Big Data Must Not Be an Elephant Riding a Bicycle

Forrester’s John Rymer sums up his opinion succinctly when he says, “Big Data: The worst category name ever.” [1] Big Data certainly has challenges in both name and how people perceive it; as the hype would have it, I call it “the elephant riding the bicycle.” I’ll give you the seven things you need to consider, but first let’s look at the hype.

Big Data hype is everywhere. Fresh from three conferences in the past four weeks, I’ve noticed that Big Data has been the single biggest topic of discussion with customers, new acquaintances, old friends, co-workers, and industry analysts. It would be hard to overstate how much attention Big Data is receiving.

But as with any hype cycle, there is an enormous amount of questioning about where and how Big Data delivers value.
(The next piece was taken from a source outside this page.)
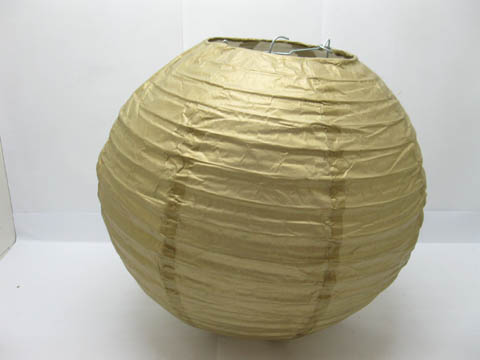 10 New Plain Golden Paper Lantern Wedding Favor 20cm - Click Image to Close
Thinking back to the early Internet, there were very similar types of conversations. In 1995, there was a growing feeling that something big was coming from” The Web,” but it was hard to sort the success from the sales pitch. People were spending money to create websites with little plan for why. A few learned detractors even published bold criticisms.

Despite the doubt [2] and slow start, we found our cyberspace groove and launched wave after wave of new ways to buy, sell, read, listen, watch, and converse. For billions of people, the Internet is simply an expectation.

Faster This Time Around

The change of pace is now much faster, and this time around the pump has been primed. We’ve become very quick at jumping on new technology and far better at marketing software and services. What took years to crank up in the ’90s, takes much less time today. In what seems like no time, there are a wide variety of vendors selling brand-new products with Big Data labels, and more than a few old products getting papered over with Big Data buzzwords. The market is confused and perhaps a bit skeptical—but for good reason.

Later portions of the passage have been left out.